Year: Team; Games; Tackles; Interceptions; Fumbles
GP: GS; Cmb; Solo; Ast; Sck; TFL; Int; Yds; TD; Lng; PD; FF; FR; Yds; TD
2007: PIT; 1; 0; 0; 0; 0; 0.0; 0; 0; 0; 0; 0; 0; 0; 0; 0; 0
2008: PIT; 3; 0; 3; 3; 0; 0.0; 0; 0; 0; 0; 0; 0; 0; 1; 0; 0
2010: PIT; 3; 2; 6; 5; 1; 0.0; 0; 0; 0; 0; 0; 2; 0; 1; 19; 1
2011: PIT; 1; 1; 4; 4; 0; 0.0; 0; 0; 0; 0; 0; 1; 0; 0; 0; 0
2014: PIT; 1; 1; 2; 2; 0; 0.0; 0; 0; 0; 0; 0; 1; 0; 0; 0; 0
2015: PIT; 2; 2; 13; 11; 2; 0.0; 1; 0; 0; 0; 0; 1; 0; 0; 0; 0
2016: PIT; 3; 1; 7; 5; 2; 0.0; 0; 0; 0; 0; 0; 1; 0; 0; 0; 0
2017: PIT; 1; 0; 0; 0; 0; 0.0; 0; 0; 0; 0; 0; 0; 0; 0; 0; 0
15; 7; 35; 30; 5; 0.0; 1; 0; 0; 0; 0; 6; 0; 2; 19; 1

==Coaching career==
On June 4, 2019, the Steelers announced the hiring of Gay as a coaching intern for the 2019 season. On January 25, 2020, Gay was named the defensive backs coach for Missouri State, joining the staff of new head coach Bobby Petrino, who was Gay's head coach at Louisville. However, Petrino announced in late September that Gay had resigned, needing to return home to raise his son.
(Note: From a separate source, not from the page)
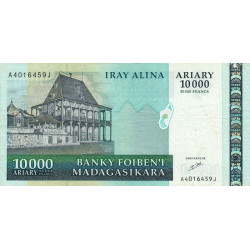 Madagascar - Pick 85 - 10'000 ariary - 50'000 francs - 2003 - Etat : TB+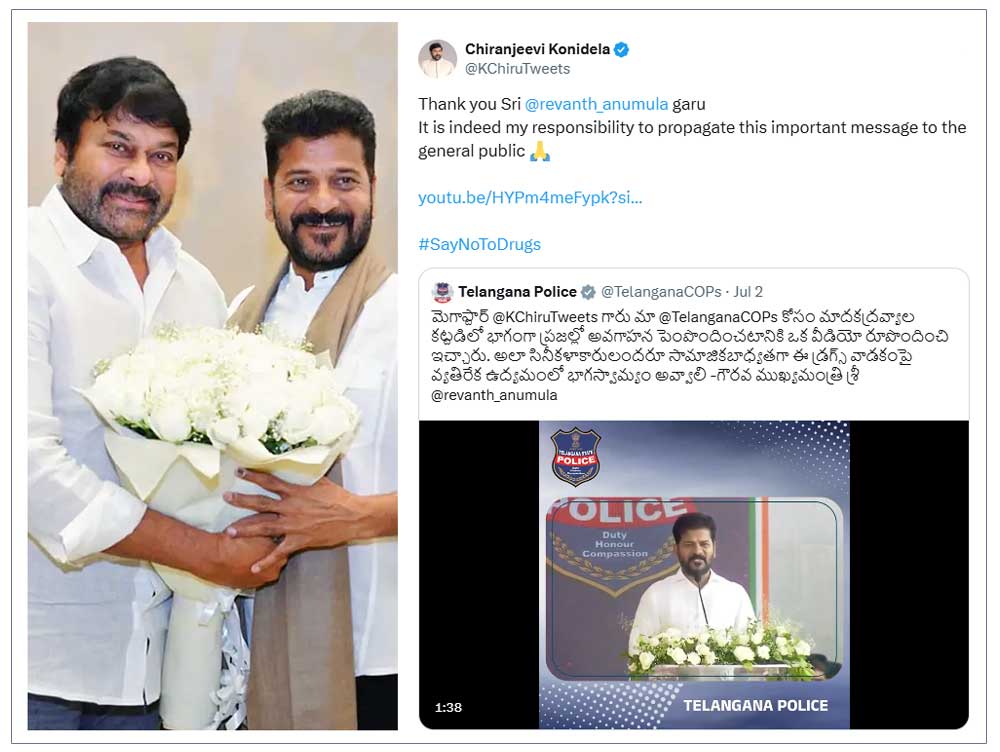 Chiranjeevi Drug Awareness Video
Gay returned to coaching in May 2023, being selected as a participant in NFL's Bill Walsh Diversity Coaching Fellowship, allowing him to participate with the Dallas Cowboys during the 2023 offseason.

On January 20, 2024, it was announced that Gay would be joining the University of Texas coaching staff as a defensive analyst. However, on February 15, 2024, he was hired as assistant defensive backs coach for the Washington Commanders. He was promoted to cornerbacks coach in February 2026.

==Personal life==
Gay's mother was murdered in a domestic violence incident when he was eight years old. While she was at a friend's house shortly after leaving, her boyfriend arrived at the friend's house and shot her three times. The boyfriend then went back to his car and killed himself. In an effort to keep them together his grandmother took the brothers in and raised them.As of August 2015. Gay was inducted into the Kentucky Pro Football Hall of Fame in 2017. From 2018 to 2020, Gay was engaged to Olympic gold medalist sprinter Natasha Hastings, the cousin of former Trinidad and Tobago international goalkeeper Shaka Hislop; Gay and Hastings have a son together.